*Action item*:
An exact copy of every record below is required, with the pictures left out.

[[ Exercise input open ]]

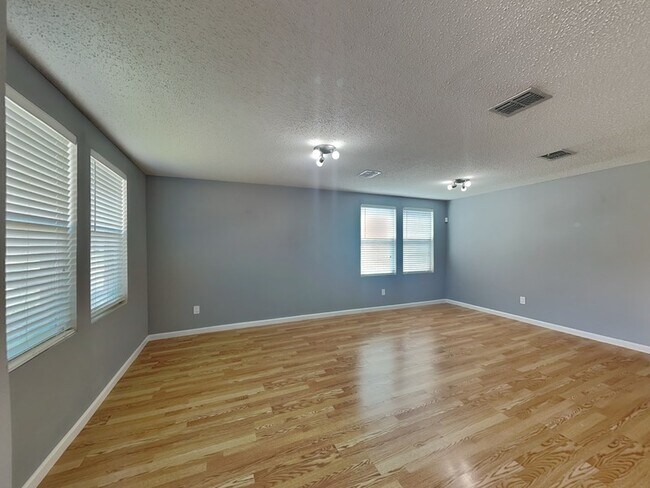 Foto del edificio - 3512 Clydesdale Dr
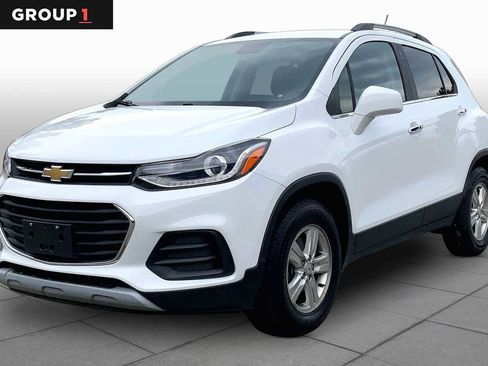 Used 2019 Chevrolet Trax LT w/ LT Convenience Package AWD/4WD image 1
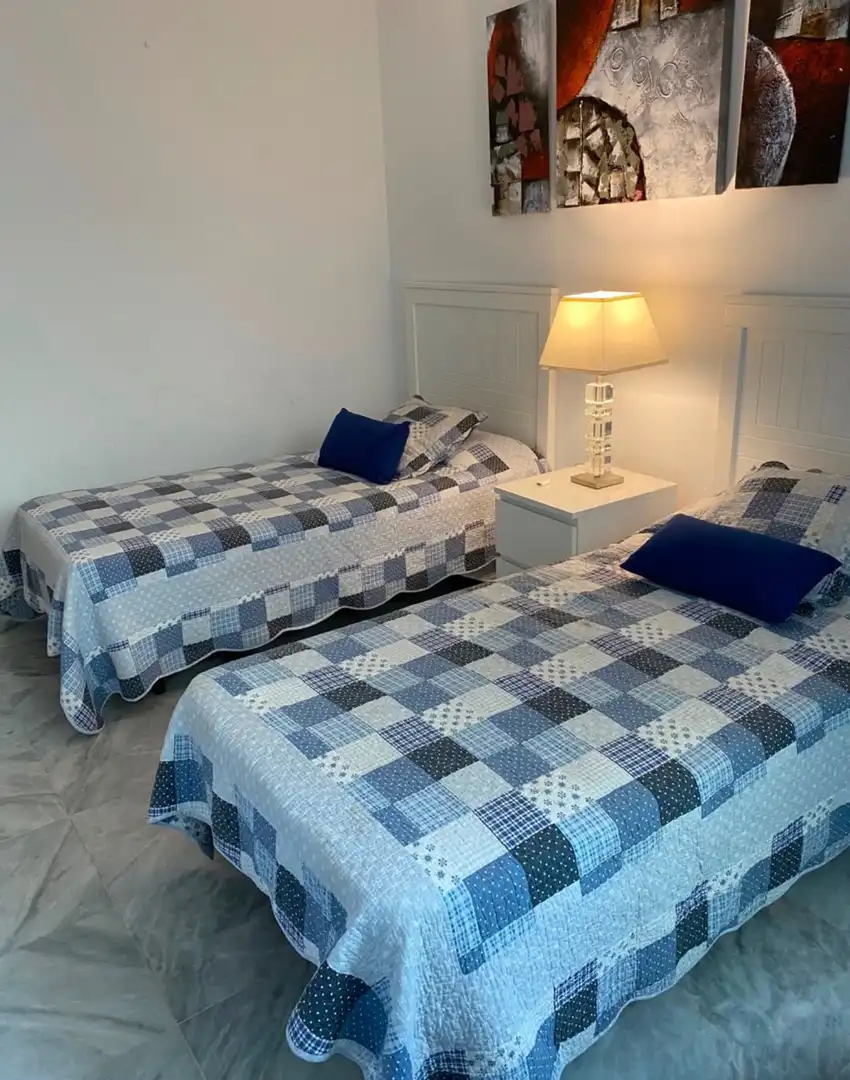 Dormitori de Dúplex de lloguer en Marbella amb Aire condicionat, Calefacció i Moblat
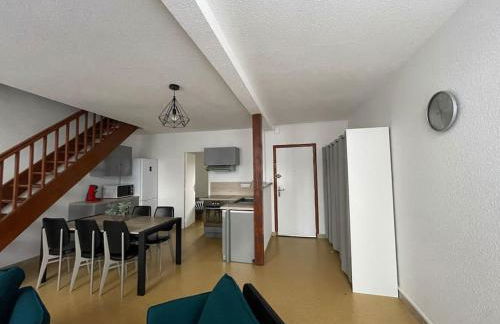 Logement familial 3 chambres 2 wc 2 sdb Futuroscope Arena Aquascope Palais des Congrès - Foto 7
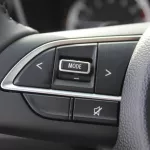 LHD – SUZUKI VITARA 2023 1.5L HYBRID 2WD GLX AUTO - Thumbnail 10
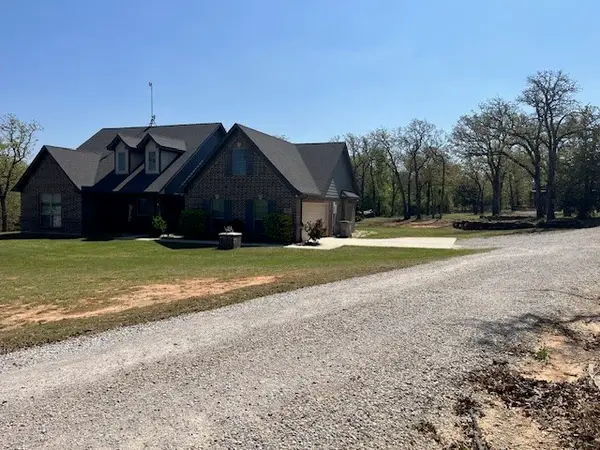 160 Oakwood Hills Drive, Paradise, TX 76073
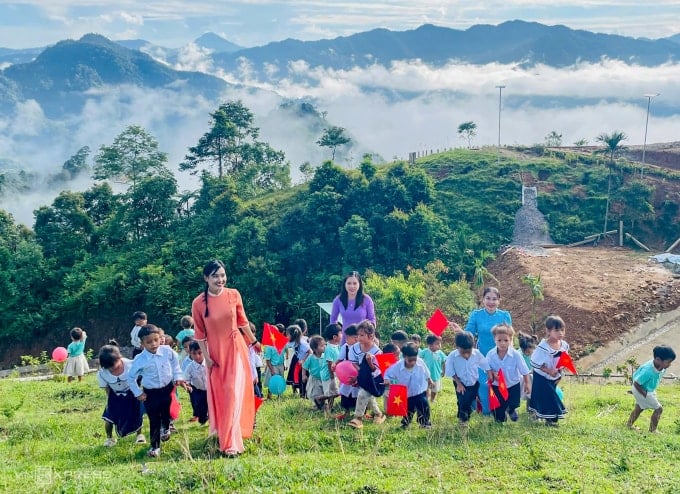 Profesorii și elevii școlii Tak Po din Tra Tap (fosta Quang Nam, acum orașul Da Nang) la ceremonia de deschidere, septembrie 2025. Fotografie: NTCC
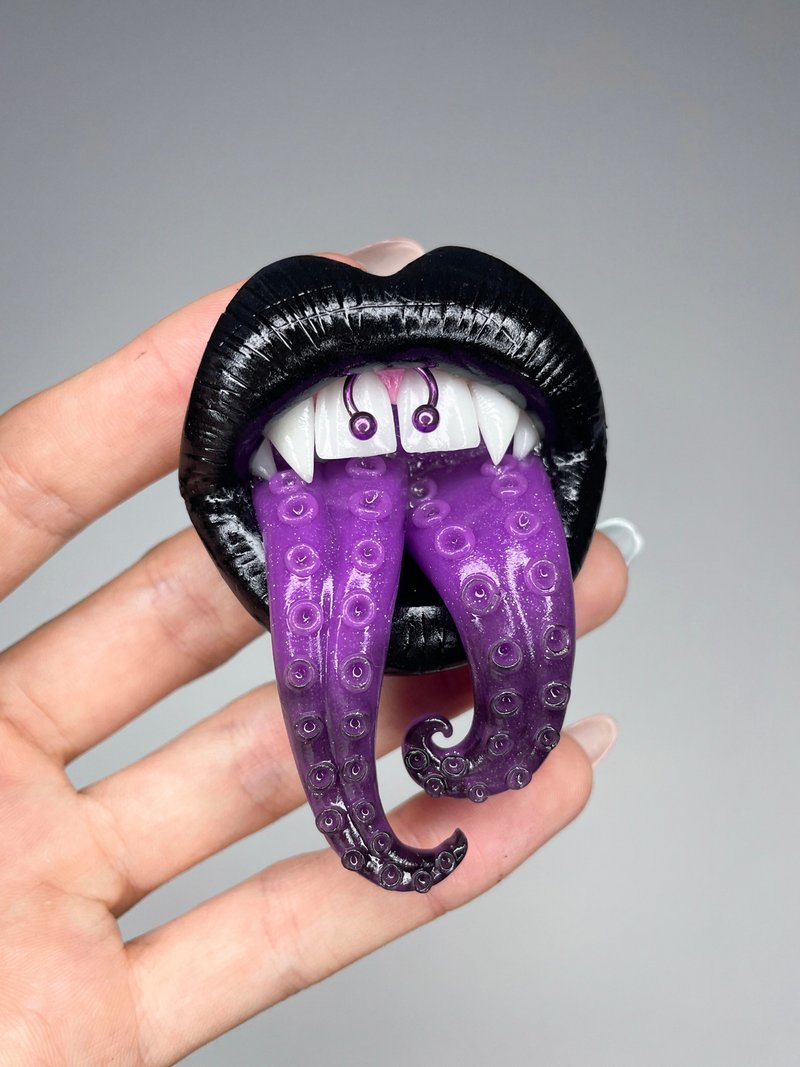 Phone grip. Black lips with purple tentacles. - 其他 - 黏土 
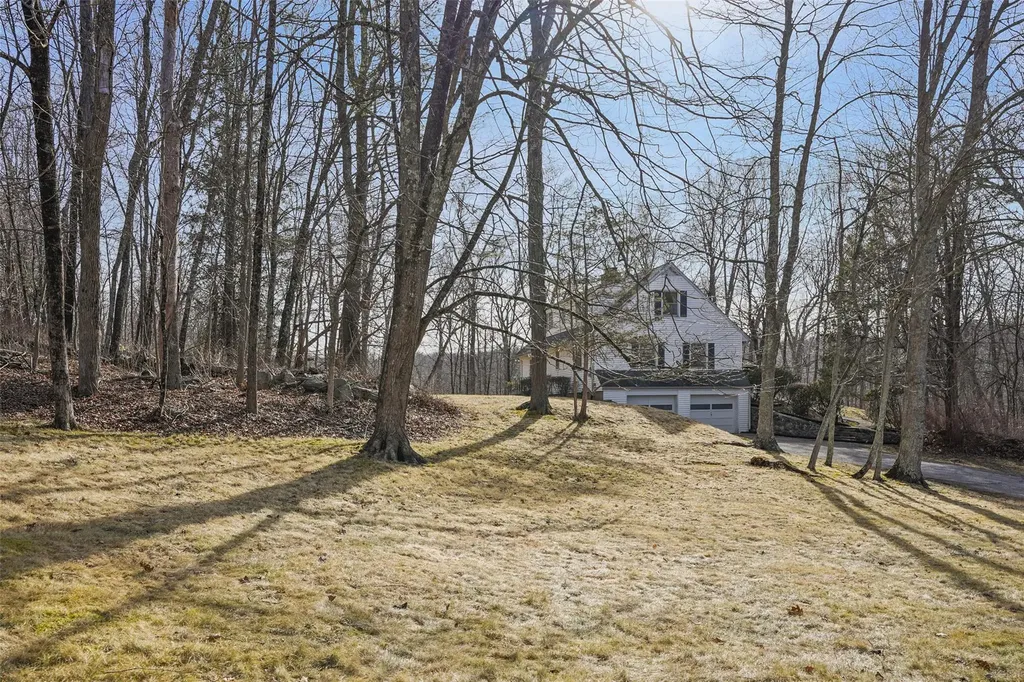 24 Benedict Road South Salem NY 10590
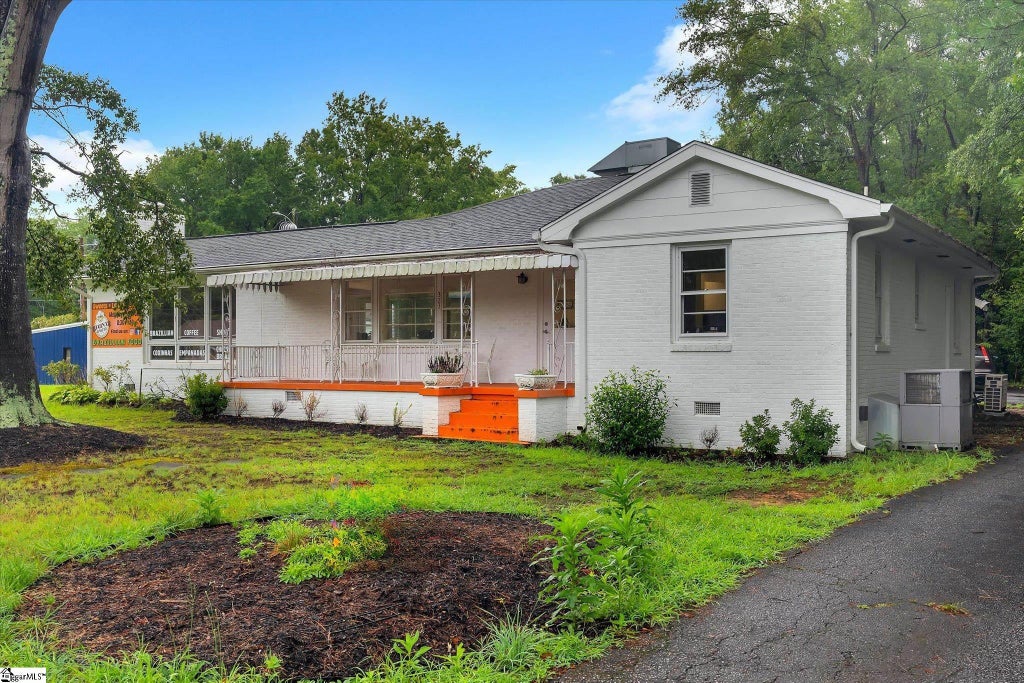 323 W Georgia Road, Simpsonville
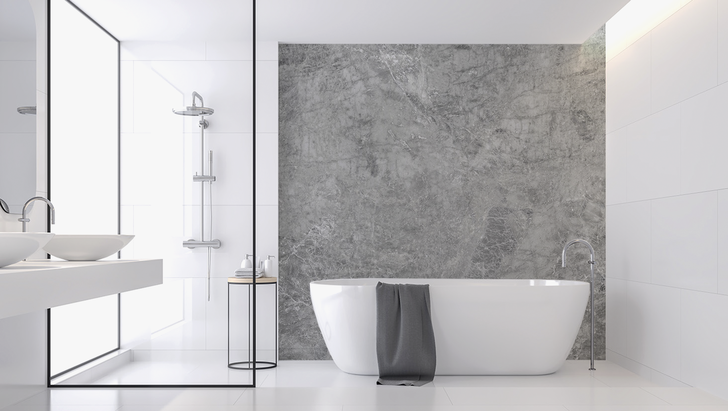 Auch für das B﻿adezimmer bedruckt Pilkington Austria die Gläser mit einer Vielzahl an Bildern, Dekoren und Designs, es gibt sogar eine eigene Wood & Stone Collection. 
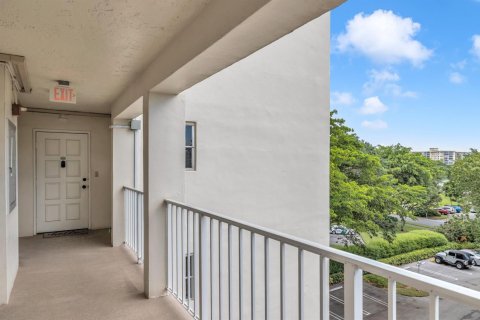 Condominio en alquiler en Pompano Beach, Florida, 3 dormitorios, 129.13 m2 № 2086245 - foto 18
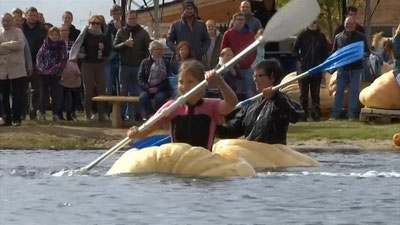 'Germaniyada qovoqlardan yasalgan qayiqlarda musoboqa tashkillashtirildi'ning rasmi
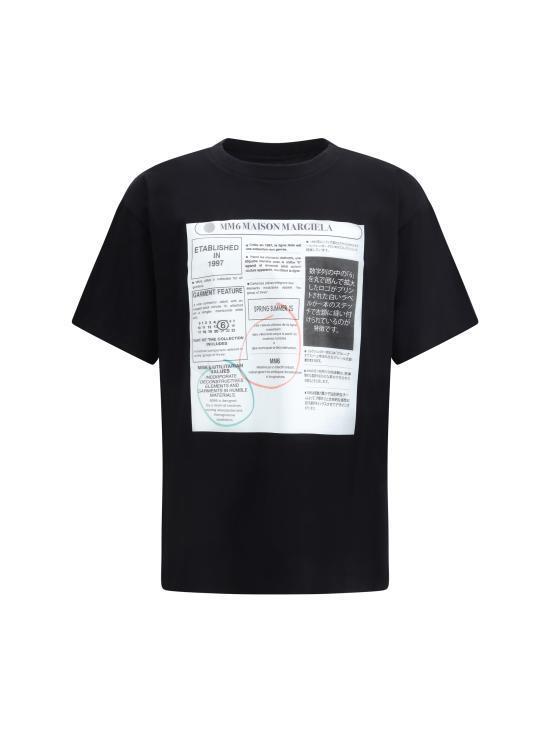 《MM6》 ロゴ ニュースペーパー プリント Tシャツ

[[ Exercise input closed ]]

*Task answer*:
 Foto del edificio - 3512 Clydesdale Dr
 Used 2019 Chevrolet Trax LT w/ LT Convenience Package AWD/4WD image 1
 Dormitori de Dúplex de lloguer en Marbella amb Aire condicionat, Calefacció i Moblat
 Logement familial 3 chambres 2 wc 2 sdb Futuroscope Arena Aquascope Palais des Congrès - Foto 7
 LHD – SUZUKI VITARA 2023 1.5L HYBRID 2WD GLX AUTO - Thumbnail 10
 160 Oakwood Hills Drive, Paradise, TX 76073
 Profesorii și elevii școlii Tak Po din Tra Tap (fosta Quang Nam, acum orașul Da Nang) la ceremonia de deschidere, septembrie 2025. Fotografie: NTCC
 Phone grip. Black lips with purple tentacles. - 其他 - 黏土 
 24 Benedict Road South Salem NY 10590
 323 W Georgia Road, Simpsonville
 Auch für das B﻿adezimmer bedruckt Pilkington Austria die Gläser mit einer Vielzahl an Bildern, Dekoren und Designs, es gibt sogar eine eigene Wood & Stone Collection. 
 Condominio en alquiler en Pompano Beach, Florida, 3 dormitorios, 129.13 m2 № 2086245 - foto 18
 'Germaniyada qovoqlardan yasalgan qayiqlarda musoboqa tashkillashtirildi'ning rasmi
 《MM6》 ロゴ ニュースペーパー プリント Tシャツ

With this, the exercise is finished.